Pre-mRNA and U6 snRNA

SP6 RNA polymerase was used to produce ³²P-labelled actin pre-mRNA¹⁶. U6 snRNA was made by using T7 RNA polymerase¹¹ or by ligating four synthetic RNA oligonucleotides^15,30. Four RNA oligos, U6/_1–37, U6/_38–69, U6/_70–83, and U6/_84–112 were ligated to generate U6/U₈₀ RNA on a DNA template, cdU6/_19–100. Before ligation, three RNA oligomers, U6/_38–69, U6/_70–83, and U6/_84–112 were pooled and phosphorylated for 60 min at 37 °C in 10 μl reaction containing 50 mM Tris pH 7.5, 10 mM MgCl₂, 5 mM DTT, 60 μM ATP, 10 pmol [γ-³²P]ATP, 10 units of RNasin and 10 units of T4 polynucleotide kinase. The phosphorylation reaction was terminated by heating at 65 °C for 20 min. The fourth RNA oligomer, U6/_1–37, and the DNA template, cdU6/_19–100, were then added and the mixture was heated at 90 °C for 1 min and cooled at room temperature. Ligations were performed at 30 °C for 4 h in 25 μl reaction containing 5,000 units of T4 DNA ligase, 20 units of RNasin, 4% of PEG and 1 × T4 DNA ligase buffer (New England Biolabs). Ligated RNA was isolated from a 7.5% polyacrylamide/urea gel.

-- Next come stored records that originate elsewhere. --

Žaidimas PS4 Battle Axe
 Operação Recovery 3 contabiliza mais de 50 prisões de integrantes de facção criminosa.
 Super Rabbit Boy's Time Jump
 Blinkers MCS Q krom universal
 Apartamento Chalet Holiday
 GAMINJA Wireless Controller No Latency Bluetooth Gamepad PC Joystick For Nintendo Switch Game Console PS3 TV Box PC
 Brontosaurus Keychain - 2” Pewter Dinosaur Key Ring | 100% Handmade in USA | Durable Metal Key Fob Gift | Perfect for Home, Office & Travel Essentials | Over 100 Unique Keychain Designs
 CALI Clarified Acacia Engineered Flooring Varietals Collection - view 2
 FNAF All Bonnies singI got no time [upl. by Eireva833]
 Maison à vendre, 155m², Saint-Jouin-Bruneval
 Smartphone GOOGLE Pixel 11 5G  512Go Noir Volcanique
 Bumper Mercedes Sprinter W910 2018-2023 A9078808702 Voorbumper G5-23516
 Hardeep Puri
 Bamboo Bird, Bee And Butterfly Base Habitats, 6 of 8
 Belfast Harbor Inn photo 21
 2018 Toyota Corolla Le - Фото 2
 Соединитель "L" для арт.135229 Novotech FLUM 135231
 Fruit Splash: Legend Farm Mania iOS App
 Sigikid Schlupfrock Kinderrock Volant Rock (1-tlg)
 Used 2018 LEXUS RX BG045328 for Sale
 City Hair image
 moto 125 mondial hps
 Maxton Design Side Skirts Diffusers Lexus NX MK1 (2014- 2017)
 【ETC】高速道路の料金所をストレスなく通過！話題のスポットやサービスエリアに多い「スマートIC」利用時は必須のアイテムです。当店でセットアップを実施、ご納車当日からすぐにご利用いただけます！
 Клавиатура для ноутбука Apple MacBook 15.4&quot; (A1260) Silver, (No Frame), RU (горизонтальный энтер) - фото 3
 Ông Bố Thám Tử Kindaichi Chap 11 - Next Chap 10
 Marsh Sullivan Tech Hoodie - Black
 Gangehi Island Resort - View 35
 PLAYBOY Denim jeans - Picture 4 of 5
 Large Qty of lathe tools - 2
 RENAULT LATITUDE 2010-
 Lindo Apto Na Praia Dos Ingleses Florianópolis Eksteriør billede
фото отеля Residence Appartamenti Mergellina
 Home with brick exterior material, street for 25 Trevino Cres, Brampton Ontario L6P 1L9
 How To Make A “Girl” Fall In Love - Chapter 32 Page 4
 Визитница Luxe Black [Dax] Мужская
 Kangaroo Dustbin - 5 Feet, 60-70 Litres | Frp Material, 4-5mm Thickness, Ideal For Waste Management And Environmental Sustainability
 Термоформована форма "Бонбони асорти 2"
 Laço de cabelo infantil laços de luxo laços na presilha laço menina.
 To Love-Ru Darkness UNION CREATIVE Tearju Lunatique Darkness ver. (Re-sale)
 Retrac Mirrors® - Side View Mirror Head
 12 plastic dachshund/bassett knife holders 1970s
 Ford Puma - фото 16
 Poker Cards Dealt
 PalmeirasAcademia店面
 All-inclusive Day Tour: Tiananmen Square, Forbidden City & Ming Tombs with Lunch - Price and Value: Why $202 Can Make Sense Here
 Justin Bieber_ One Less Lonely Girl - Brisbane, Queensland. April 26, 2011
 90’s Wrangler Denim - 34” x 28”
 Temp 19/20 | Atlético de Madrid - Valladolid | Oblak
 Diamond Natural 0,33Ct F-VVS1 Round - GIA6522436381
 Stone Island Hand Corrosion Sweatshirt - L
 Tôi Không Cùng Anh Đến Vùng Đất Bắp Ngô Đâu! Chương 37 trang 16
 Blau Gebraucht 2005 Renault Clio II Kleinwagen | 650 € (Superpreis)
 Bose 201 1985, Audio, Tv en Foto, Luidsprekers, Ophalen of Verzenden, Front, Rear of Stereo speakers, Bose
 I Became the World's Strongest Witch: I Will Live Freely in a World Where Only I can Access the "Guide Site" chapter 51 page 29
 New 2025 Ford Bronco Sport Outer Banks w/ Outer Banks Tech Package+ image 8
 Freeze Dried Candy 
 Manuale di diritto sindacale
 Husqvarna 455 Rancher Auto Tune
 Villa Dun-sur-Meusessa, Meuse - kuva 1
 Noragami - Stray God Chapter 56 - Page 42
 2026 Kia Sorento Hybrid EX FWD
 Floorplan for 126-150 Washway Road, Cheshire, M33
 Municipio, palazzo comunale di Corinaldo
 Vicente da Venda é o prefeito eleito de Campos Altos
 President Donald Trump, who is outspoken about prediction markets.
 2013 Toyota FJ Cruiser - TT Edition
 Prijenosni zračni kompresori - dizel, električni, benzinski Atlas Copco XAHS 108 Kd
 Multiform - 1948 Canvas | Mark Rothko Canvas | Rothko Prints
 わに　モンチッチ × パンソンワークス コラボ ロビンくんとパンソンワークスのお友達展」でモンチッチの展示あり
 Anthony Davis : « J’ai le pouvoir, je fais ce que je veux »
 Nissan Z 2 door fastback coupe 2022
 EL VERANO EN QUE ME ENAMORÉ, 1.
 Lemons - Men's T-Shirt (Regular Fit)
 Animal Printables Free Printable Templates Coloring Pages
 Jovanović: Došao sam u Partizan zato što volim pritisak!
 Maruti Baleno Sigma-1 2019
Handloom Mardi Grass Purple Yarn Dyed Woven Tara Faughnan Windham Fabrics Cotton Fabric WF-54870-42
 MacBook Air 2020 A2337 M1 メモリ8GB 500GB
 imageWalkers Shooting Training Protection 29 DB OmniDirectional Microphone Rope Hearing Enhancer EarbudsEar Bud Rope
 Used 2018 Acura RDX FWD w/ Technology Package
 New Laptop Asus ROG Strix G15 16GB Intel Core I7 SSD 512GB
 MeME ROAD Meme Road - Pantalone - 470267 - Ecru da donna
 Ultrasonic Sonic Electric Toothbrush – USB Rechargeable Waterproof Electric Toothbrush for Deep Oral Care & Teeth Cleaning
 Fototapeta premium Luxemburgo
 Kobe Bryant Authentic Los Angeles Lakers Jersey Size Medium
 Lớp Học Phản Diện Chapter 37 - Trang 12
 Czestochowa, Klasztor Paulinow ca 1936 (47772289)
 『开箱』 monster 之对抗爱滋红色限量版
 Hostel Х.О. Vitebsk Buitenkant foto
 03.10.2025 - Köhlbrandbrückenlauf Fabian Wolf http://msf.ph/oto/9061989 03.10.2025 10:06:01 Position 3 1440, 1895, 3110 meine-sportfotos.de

Splicing and spliceosome assays

Extract preparation, in vitro splicing, gradient and gel analysis of spliceosomes, and spliceosome conversion assays were done as described¹⁶. U6 reconstitution was done by cleaving endogenous U6 snRNA in heat-inactivated prp2 mutant extracts in the presence of 450nM d1 (cdU6/_28–54) oligodeoxyribonucleotide and 2mM ATP¹¹. Pre-mRNA (0.4 nM), U6 RNA (4 nM), divalent metal ions in chloride form, potassium phosphate and PEG (4.8%) were added and incubated at 23 °C for 30 min to allow reconstitution and spliceosome assembly. The PRP2 protein was added and incubated for splicing at 23 °C for 15 min. ³²P-labelled RNA on gels was quantitated with a Phosphorimager.